«Все сразу решили, что началась война»
Елена Вигдорова о полете Юрия Гагарина
Для каждого номера Weekend рамках проекта "Частная память" мы выбираем одно из событий 1953-2013 годов, выпавшее на эту неделю. Масштаб этих событий с точки зрения истории различен, но отпечатавшиеся навсегда в памяти современников они приобрели общее измерение — человеческое. Мы публикуем рассказы людей, чьи знания, мнения и впечатления представляются нам безусловно ценными.
12 апреля 1961 года
Полет Юрия Гагарина в космос
Мы жили в большой коммунальной квартире на Сретенском бульваре. Днем 12 апреля 1961 года, когда все молодые были на службе, а дома из взрослых оставались одни старушки, в основном из "бывших", вдруг все соседки выскочили в коридор и на кухню. Я помню, как моя бабушка схватилась за лицо и закричала. Оказалось, как только они услышали голос Левитана, произносящий это "говорит Москва, передаем сообщение ТАСС", то все сразу решили, что началась война. Для этих старушек Гагарин в космосе — это было что-то вообще непонятное, дальше все целый день только вспоминали, кто где был 20 лет назад, 22 июня, когда их также огорошили этим голосом Левитана, и что с ними случилось потом. А каждой из них было что вспомнить. Так что первой реакцией шел этот ужас, а за ним — уже облегчение: не война — и хорошо. Эта память и мысль, что война может в любую секунду начаться, жили в советском народе очень крепко. Ничего хорошего никто из них от сообщения ТАСС не ждал.
Единственной, кто уловил что-то про космос и Гагарина, была наша соседка баба Юля, и вот она решила, что мир рухнул. Это была абсолютно солженицынская Матрена, действительно, праведница. Она читать не умела, даже букв не знала, но в Бога верила. Всегда говорила: "Я верую в Бога и во Владимирскую Божью Матерь, а в пост я не верую. Тоня мне сказала, что пост выдумали богатые, чтобы бедные меньше ели, а богатым больше досталось". Тоня — это была ее дочка, доктор, она погибла на фронте. И вот когда прошел первый ужас, что начинается война, баба Юля вдруг заплакала, бросилась в свою комнатку, заперлась и никого к себе не пускала, говорила только: "Я жду Изю". Изя — это мой папа, который в войну был летчиком. И когда папа пришел с работы, ему сказали: "Исаак Абрамыч, Юлия Андреевна вас ждет". Он вошел, и она бросилась ему на грудь с криком: "Изя, Бога нету! Гагарин его не видел!" Папа, у которого всегда была очень быстрая реакция, тут же сказал: "Что вы, баба Юля. Ваш Бог гораздо выше". Потом он еще долго вел с ней беседы. Она его спрашивала: "Гагарин же выше, чем ты летал?" — "Ну и что, я не так высоко летал, но и он не так уж высоко". Это знание, что Господь выше,— было самым главным для бабы Юли.
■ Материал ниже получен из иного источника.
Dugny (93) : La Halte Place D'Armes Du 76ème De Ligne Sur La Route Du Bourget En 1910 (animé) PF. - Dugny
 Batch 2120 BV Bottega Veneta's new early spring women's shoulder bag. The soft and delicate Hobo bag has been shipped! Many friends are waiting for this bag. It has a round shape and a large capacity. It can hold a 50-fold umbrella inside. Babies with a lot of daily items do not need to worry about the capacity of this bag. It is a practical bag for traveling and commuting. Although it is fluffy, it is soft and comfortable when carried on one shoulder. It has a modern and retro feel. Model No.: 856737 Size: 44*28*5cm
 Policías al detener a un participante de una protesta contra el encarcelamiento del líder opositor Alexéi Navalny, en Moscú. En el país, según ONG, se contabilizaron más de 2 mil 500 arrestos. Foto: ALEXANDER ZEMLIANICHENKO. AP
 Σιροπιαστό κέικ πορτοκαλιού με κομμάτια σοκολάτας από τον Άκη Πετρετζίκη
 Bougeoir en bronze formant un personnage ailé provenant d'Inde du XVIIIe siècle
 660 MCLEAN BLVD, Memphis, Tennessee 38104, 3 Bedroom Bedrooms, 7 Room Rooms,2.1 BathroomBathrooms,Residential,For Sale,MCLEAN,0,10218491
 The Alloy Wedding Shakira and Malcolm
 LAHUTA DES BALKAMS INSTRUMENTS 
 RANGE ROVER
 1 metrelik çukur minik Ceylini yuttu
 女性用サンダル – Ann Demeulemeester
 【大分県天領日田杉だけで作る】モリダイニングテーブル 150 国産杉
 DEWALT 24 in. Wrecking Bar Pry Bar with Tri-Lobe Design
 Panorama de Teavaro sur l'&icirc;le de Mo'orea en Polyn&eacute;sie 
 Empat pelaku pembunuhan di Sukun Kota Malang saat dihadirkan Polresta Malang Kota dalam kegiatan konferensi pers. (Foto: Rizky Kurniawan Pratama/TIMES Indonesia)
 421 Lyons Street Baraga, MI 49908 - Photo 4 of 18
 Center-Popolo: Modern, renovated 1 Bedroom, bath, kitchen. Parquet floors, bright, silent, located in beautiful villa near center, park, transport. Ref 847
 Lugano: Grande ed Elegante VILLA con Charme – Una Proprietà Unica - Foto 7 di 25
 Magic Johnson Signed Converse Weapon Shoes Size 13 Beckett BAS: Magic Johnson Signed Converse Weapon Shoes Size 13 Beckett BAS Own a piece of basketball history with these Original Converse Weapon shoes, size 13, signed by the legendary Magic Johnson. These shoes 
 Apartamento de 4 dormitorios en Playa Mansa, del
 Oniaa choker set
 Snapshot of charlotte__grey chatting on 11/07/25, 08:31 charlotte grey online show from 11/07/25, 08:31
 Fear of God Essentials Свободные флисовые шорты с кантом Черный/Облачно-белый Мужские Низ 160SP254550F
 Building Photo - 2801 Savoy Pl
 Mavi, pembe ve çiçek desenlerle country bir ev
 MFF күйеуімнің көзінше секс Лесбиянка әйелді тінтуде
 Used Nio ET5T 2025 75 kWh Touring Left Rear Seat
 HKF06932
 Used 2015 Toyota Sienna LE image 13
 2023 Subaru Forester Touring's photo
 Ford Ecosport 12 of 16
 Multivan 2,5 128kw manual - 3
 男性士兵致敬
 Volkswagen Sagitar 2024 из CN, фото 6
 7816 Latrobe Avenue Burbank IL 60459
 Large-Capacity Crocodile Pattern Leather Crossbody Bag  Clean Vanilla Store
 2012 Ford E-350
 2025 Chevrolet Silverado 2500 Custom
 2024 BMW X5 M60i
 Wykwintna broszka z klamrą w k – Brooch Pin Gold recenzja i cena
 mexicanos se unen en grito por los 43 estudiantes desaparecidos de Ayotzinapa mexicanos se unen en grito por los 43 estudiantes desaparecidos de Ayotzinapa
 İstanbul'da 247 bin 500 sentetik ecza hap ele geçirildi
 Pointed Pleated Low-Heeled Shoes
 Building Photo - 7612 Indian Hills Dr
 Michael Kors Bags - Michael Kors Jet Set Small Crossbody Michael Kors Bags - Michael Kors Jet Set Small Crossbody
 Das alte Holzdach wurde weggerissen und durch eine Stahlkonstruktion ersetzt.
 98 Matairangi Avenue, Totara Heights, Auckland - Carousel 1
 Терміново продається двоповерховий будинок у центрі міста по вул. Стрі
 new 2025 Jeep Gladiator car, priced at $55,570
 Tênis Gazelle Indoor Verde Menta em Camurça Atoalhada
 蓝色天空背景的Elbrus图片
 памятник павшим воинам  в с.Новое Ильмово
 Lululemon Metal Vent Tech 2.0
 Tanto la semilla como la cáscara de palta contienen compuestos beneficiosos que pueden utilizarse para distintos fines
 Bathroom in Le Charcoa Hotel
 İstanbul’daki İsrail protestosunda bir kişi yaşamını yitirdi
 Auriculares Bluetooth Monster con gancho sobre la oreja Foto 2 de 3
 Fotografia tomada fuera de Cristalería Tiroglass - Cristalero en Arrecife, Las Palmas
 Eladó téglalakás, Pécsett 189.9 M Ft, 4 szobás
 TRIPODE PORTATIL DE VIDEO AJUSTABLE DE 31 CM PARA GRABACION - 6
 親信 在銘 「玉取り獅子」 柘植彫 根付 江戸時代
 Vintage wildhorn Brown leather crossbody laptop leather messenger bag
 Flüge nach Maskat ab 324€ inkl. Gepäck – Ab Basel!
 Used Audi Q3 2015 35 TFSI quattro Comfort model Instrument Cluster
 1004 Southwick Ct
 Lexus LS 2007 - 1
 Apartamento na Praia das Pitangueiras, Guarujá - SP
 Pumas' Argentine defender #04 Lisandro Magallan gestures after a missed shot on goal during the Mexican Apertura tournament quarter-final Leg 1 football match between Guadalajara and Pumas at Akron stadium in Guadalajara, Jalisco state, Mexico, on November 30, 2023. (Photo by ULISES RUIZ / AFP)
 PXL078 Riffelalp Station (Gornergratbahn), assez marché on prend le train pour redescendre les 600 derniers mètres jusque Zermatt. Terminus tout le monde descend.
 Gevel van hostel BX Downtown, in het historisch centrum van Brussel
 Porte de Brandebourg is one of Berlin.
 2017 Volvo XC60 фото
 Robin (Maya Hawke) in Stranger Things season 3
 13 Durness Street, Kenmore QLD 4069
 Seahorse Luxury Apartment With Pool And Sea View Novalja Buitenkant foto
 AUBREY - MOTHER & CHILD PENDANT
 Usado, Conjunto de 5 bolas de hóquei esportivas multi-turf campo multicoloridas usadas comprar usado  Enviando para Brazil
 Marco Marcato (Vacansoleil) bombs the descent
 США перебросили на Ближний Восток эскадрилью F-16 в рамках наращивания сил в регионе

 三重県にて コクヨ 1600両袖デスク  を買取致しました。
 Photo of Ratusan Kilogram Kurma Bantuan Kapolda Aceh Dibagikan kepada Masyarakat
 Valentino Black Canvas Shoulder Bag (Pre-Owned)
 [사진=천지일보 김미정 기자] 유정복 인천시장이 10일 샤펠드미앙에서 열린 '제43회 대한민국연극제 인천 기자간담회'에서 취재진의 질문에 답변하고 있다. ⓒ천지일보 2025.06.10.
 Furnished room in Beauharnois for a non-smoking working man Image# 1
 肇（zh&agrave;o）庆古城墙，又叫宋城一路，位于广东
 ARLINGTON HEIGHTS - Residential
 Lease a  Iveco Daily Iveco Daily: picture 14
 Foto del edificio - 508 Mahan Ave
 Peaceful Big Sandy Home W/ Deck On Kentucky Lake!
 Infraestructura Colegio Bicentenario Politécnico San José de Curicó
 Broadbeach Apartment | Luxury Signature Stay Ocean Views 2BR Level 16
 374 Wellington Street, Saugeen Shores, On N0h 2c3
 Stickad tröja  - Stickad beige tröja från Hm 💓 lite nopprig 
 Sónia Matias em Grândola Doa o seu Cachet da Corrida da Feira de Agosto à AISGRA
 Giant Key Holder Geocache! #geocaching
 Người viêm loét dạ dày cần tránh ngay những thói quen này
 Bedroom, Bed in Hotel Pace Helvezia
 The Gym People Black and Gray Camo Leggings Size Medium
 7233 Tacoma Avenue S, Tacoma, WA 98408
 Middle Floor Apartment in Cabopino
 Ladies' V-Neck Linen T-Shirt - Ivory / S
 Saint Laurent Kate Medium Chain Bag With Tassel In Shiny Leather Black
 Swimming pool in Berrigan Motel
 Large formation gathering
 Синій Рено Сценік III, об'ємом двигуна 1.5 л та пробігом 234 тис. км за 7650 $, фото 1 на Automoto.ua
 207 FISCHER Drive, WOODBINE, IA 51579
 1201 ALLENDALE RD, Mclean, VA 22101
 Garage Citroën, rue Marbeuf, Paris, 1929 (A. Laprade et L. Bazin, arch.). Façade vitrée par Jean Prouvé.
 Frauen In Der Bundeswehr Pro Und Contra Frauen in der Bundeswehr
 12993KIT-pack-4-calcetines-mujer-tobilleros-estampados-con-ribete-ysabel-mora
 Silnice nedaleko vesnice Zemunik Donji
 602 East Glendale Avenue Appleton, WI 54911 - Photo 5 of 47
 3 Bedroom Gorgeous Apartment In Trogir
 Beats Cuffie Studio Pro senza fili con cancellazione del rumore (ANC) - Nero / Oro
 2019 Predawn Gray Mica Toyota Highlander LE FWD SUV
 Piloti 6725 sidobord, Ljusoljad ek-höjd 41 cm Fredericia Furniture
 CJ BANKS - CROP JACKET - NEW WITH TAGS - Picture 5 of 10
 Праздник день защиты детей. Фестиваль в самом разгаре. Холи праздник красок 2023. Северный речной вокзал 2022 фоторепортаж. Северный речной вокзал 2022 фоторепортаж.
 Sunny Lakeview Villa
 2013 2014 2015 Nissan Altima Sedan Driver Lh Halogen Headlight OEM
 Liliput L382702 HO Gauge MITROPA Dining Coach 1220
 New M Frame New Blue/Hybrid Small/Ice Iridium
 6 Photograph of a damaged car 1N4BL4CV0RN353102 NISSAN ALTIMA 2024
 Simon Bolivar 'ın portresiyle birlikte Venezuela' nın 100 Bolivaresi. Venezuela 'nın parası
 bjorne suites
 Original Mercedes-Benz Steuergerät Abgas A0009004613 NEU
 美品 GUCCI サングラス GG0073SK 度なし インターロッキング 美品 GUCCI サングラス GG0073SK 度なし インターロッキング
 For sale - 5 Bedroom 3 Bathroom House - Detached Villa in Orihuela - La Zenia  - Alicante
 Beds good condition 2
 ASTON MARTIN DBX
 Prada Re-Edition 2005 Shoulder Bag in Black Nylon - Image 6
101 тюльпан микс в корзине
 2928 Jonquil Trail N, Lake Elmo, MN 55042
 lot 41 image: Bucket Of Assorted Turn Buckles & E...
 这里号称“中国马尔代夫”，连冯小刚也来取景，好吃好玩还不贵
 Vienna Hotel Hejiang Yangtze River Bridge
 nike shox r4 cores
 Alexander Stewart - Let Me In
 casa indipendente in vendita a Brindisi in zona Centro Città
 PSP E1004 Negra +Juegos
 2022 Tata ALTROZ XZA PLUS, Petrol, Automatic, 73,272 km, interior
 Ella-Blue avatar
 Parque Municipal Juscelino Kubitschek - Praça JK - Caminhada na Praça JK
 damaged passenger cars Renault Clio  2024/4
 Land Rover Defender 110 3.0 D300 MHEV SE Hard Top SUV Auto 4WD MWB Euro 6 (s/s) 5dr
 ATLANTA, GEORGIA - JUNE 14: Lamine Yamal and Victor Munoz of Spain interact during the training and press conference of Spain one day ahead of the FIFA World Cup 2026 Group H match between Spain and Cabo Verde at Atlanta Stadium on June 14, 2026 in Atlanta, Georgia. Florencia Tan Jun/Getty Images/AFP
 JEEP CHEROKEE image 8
Ни мой отец, для которого авиация была осуществившейся мечтой юности, ни его друзья, боевые летчики, никогда не обсуждали этот полет с гордостью за советскую страну, у них не было чувства "ура, мы первые в космосе". Наоборот, папа радовался, когда американцы тоже куда-то летали, и страшно раздражался, когда по радио постоянно говорили: "мы опять победили Америку". Для него это была победа человечества, а не отдельной страны. Такое ощущение общего неба, без разделения на страны, было важно для настоящих летчиков. К Гагарину при этом все относились хорошо. Он был симпатяга, у него была светлая улыбка, очень подходящая герою. Он всегда хорошо и по-человечески отвечал на вопросы, а мой муж помнит, как Гагарин пришел к ним во Дворец пионеров и каждому ребенку пожал руку. Но среди детей на вопрос "кем ты хочешь стать?" отвечать "космонавтом" — считалось даже не очень приличным, как будто ты такой специальный отличничек и хочешь быть хорошим. Все рассказы, как дети хотели быть космонавтами, играли в космонавтов — это скорее в фильмах и книгах. Зато я помню, как дети во дворе играли не в сам полет, а в сообщение ТАСС и даже ходили с тазами на головах и повторяли: "сообщение-таз" — так же, как мы клали копеечки в баночки, потому что слышали где-то, что деньги хранят в банках.
Гагарина любили, как любят киноактеров, с официальной пропагандой это шло по каким-то разным ведомствам. Все демонстрации и народные гуляния были организованы, людей заранее собирали и распределяли по колоннам. Дети все равно хотели в этом участвовать, и мне тоже туда очень хотелось, но никто из родителей не был готов встать в семь утра и ехать куда-то, а потом идти на Красную площадь. За все детство я только один раз была на демонстрации — и тогда же я единственный раз живьем видела Гагарина, это было через два года после его полета в космос, когда в Москву приехал Фидель Кастро и Гагарин был с ним и Хрущевым на трибуне.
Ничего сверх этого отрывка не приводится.